Für den Rest des Interieurs gilt exakt das gleiche wie für alle 8er. Sehr gut: Ergonomie, Sitzposition, Bedienung und Infotainment. Gar nicht gut: Die seltsamen digitalen Instrumente, auf denen man genau nichts erkennt, wenn man nicht mindestens fünf Sekunden drauf glotzt. Ablenkung pur. Glücklicherweise ist das Head-up-Display so gut, dass man sie nicht braucht. 

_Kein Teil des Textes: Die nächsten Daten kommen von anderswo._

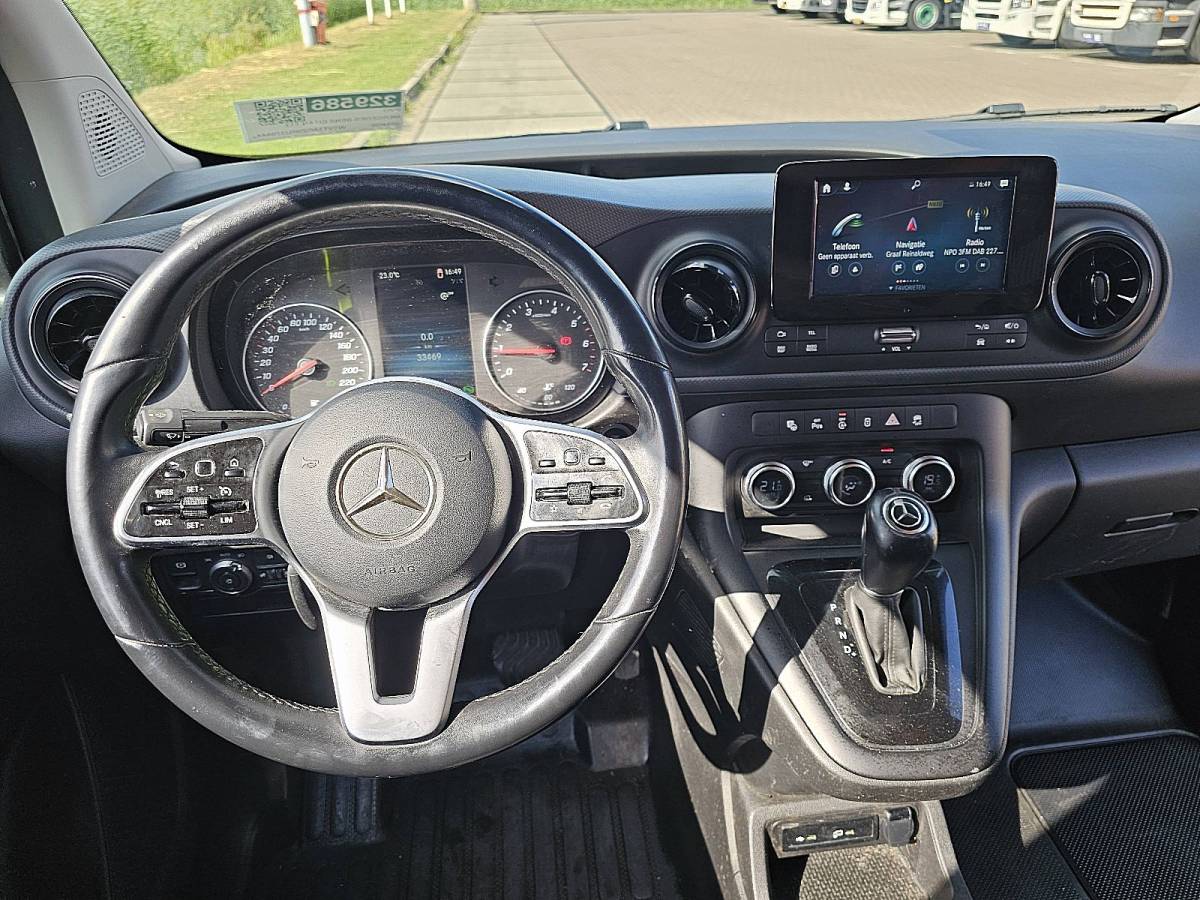 Mercedes-Benz Citan MERCEDES-BENZ CITAN 113 benzine automaat ac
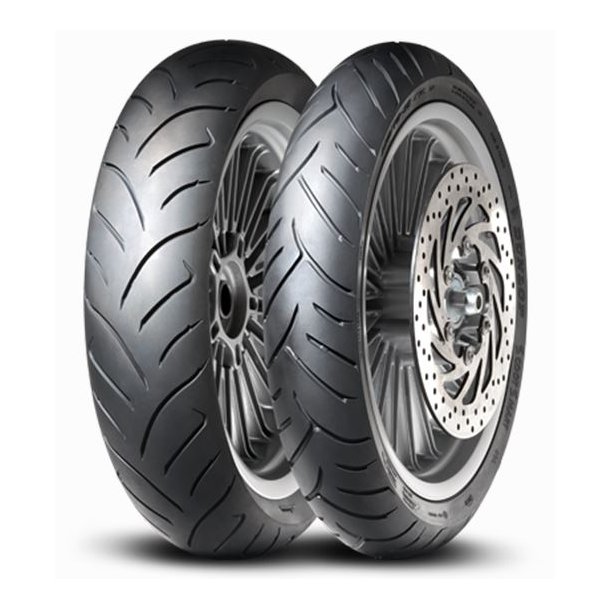 DUNLOP SCOOTSMART F/R TL 130/60-13 53P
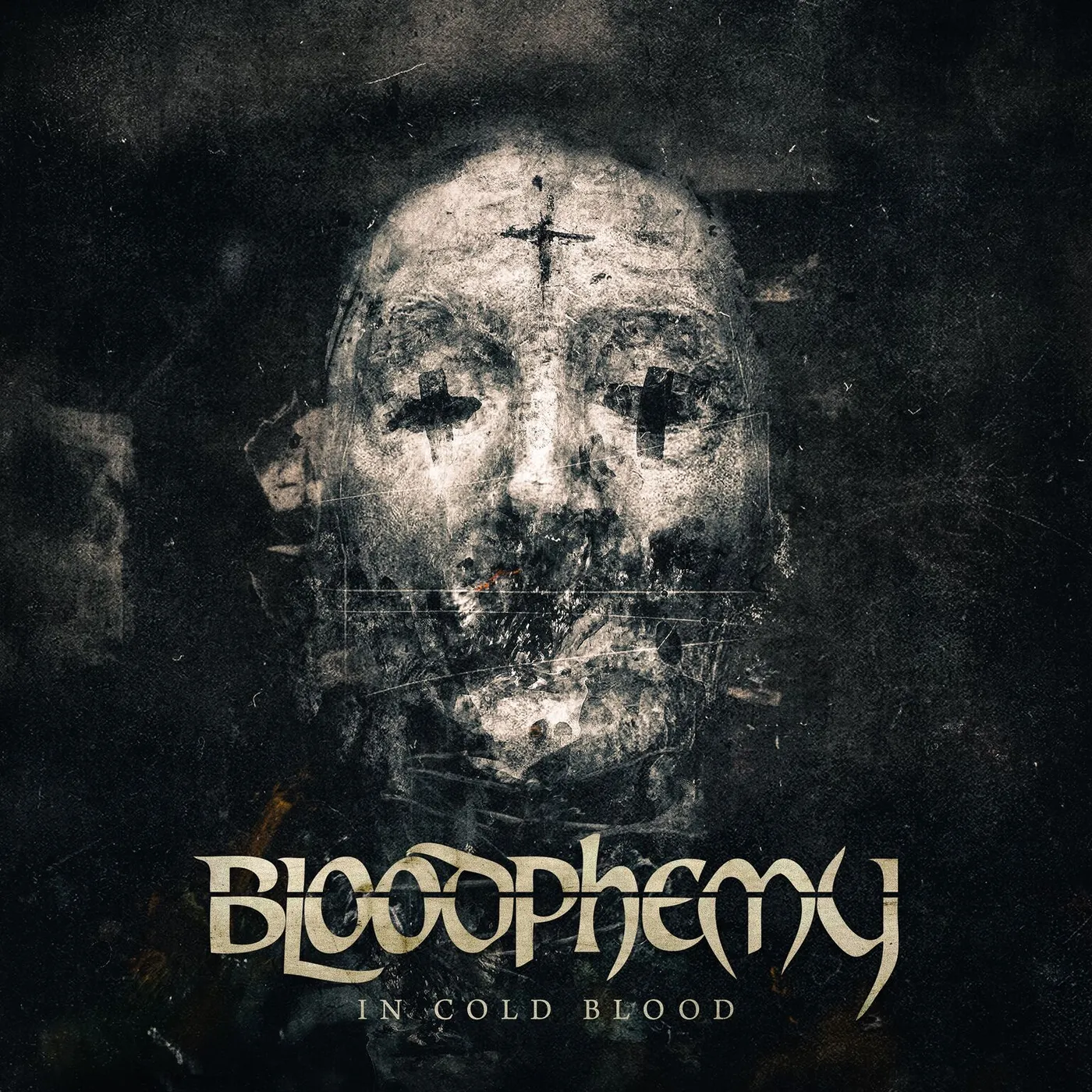 Bloodphemy IN COLD BLOOD CD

Und dann müssen wir natürlich auch beim Gran Coupé das Thema Ambiente behandeln. Hier drin sieht es nämlich ebenfalls nicht wirklich anders aus als in einem 3er. Bereits bei einem 840i für 91.500 Euro Grundpreis wirkt das nicht unbedingt standesgemäß, aber noch irgendwie vertretbar. Bei einem vollausgestatteten 850i xDrive für 150 Riesen, der mit einem AMG GT 4-Türer oder einem Porsche Panamera Turbo konkurriert, wird es da schon schwieriger.   

Soll ich ihn kaufen?

Ich erwähnte es bereits: Für uns geht das Konzept BMW 8er erst mit dem Gran Coupé so richtig auf. Verglichen mit einer herkömmlichen Business-Limousine wirkt es optisch aufregender, kostbarer. Und es fährt auch deutlich dynamischer. Menschen, die auf luxuriöse Viertürer-Coupés aus deutscher Produktion stehen, haben derzeit wirklich die Qual der Wahl. Ein Audi S7 beispielsweise ist mit seinem monströsen Diesel-Punch die bullig-effiziente Wahl für Vielfahrer, der Mercedes CLS der gediegene Edel-Gleiter und die sportliche Schiene wird durch den AMG GT 4-Türer sowie den Porsche Panamera bedient. Und nun auch vom neuen BMW 8er Gran Coupé. Es punktet in diesem hoch kompetitiven Umfeld mit seiner eleganten, bildschönen Linie, den hervorragenden Motoren und dem vermutlich agilsten, umtriebigsten Handling. Der Rest bleibt Geschmackssache.